• Exercise brief: Take the line with "Impex - Flemish Chandelier 9 - Gunmetal" as the first and the last line of the data as the end. Write out both and every line between exactly, except pictures.

• Data entries:
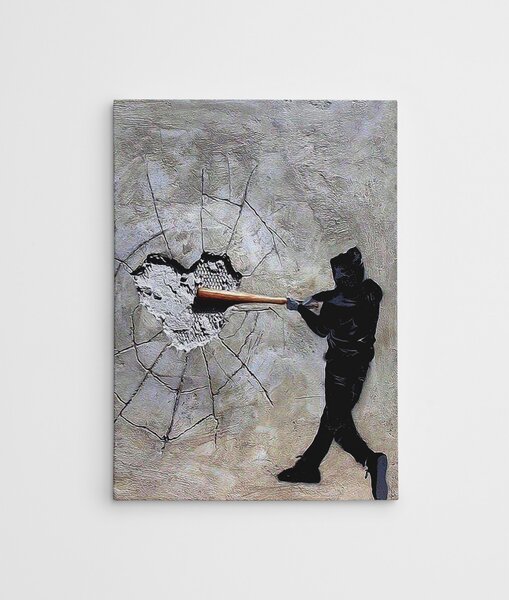 WY45 Banksy vászonkép, 50 x 70 cm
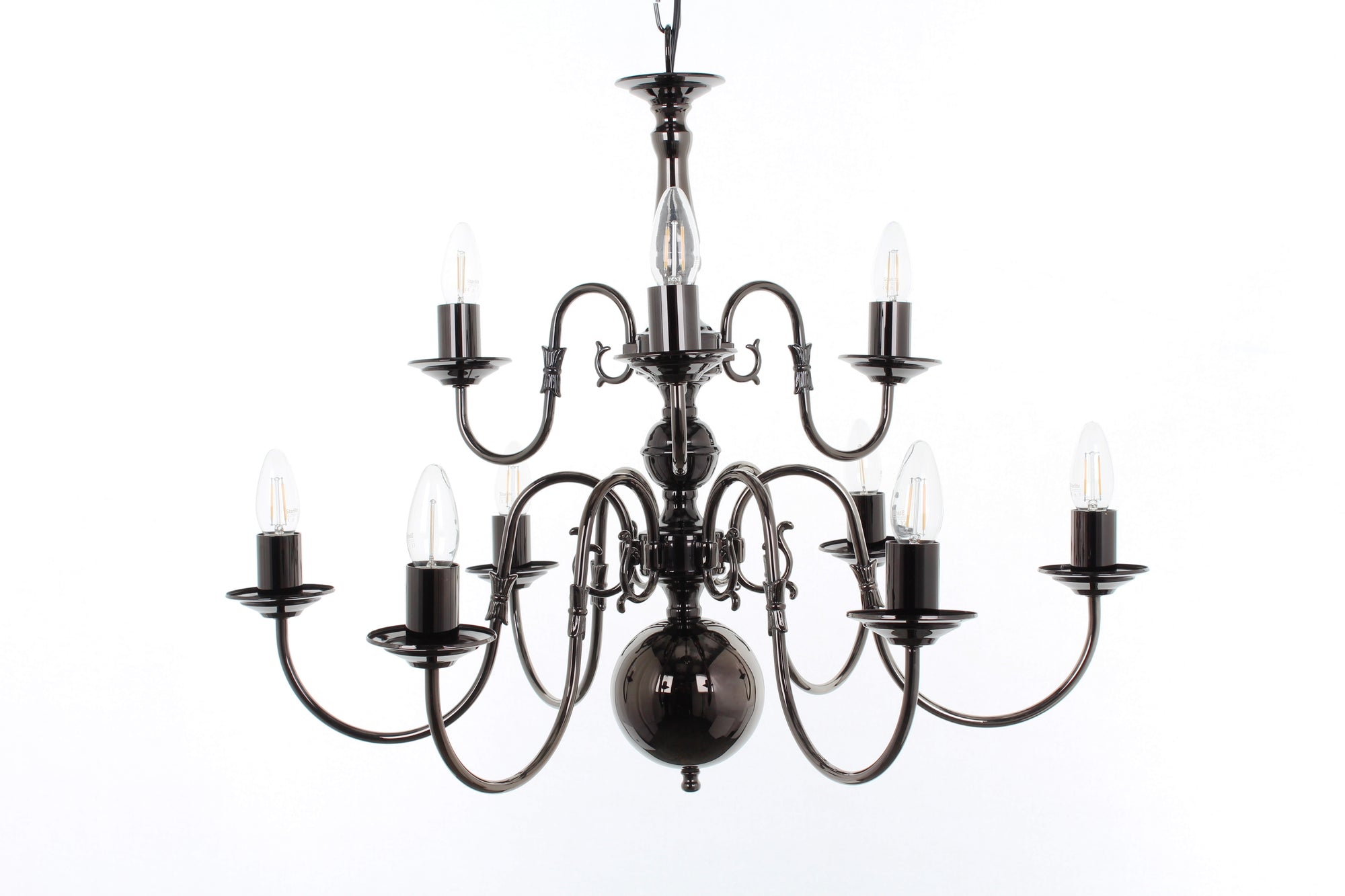 Impex - Flemish Chandelier 9 - Gunmetal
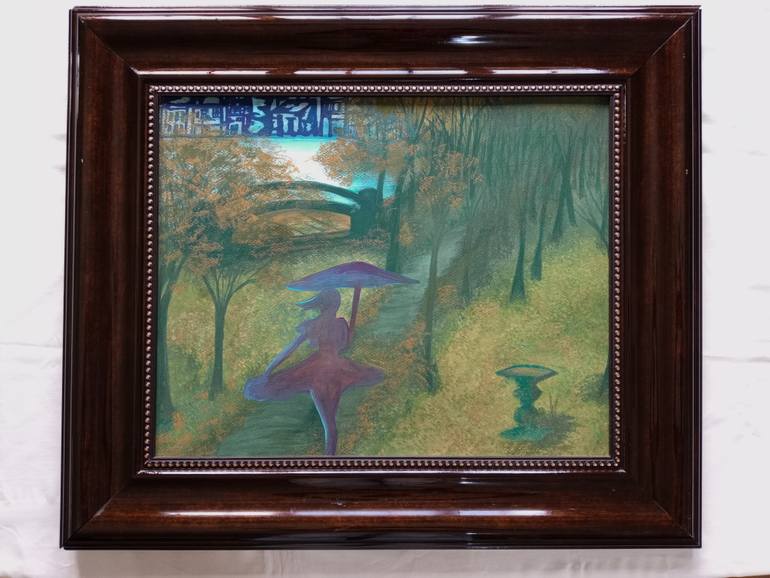 Original Impressionism Landscape Painting by Artist Raven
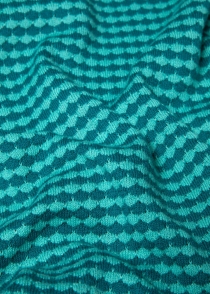 Shirt Petite Poloette mixed dots blue petrol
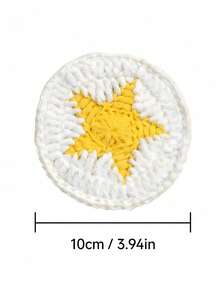 Cirelle 1/2/3PCS Starfish Coaster Handmade Creative Weaving Home Cup Mat Table Mat Simple Artistic Style - Multicolor - View 3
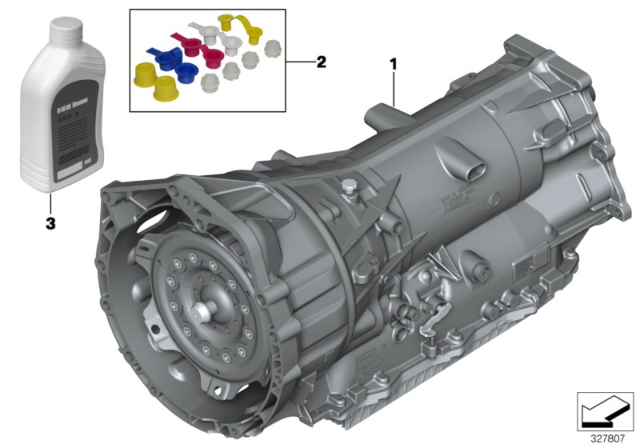2015 BMW 328i xDrive Automatic Transmission GA8HP45Z Diagram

• Written answer:
 Impex - Flemish Chandelier 9 - Gunmetal
 Original Impressionism Landscape Painting by Artist Raven
 Shirt Petite Poloette mixed dots blue petrol
 Cirelle 1/2/3PCS Starfish Coaster Handmade Creative Weaving Home Cup Mat Table Mat Simple Artistic Style - Multicolor - View 3
2015 BMW 328i xDrive Automatic Transmission GA8HP45Z Diagram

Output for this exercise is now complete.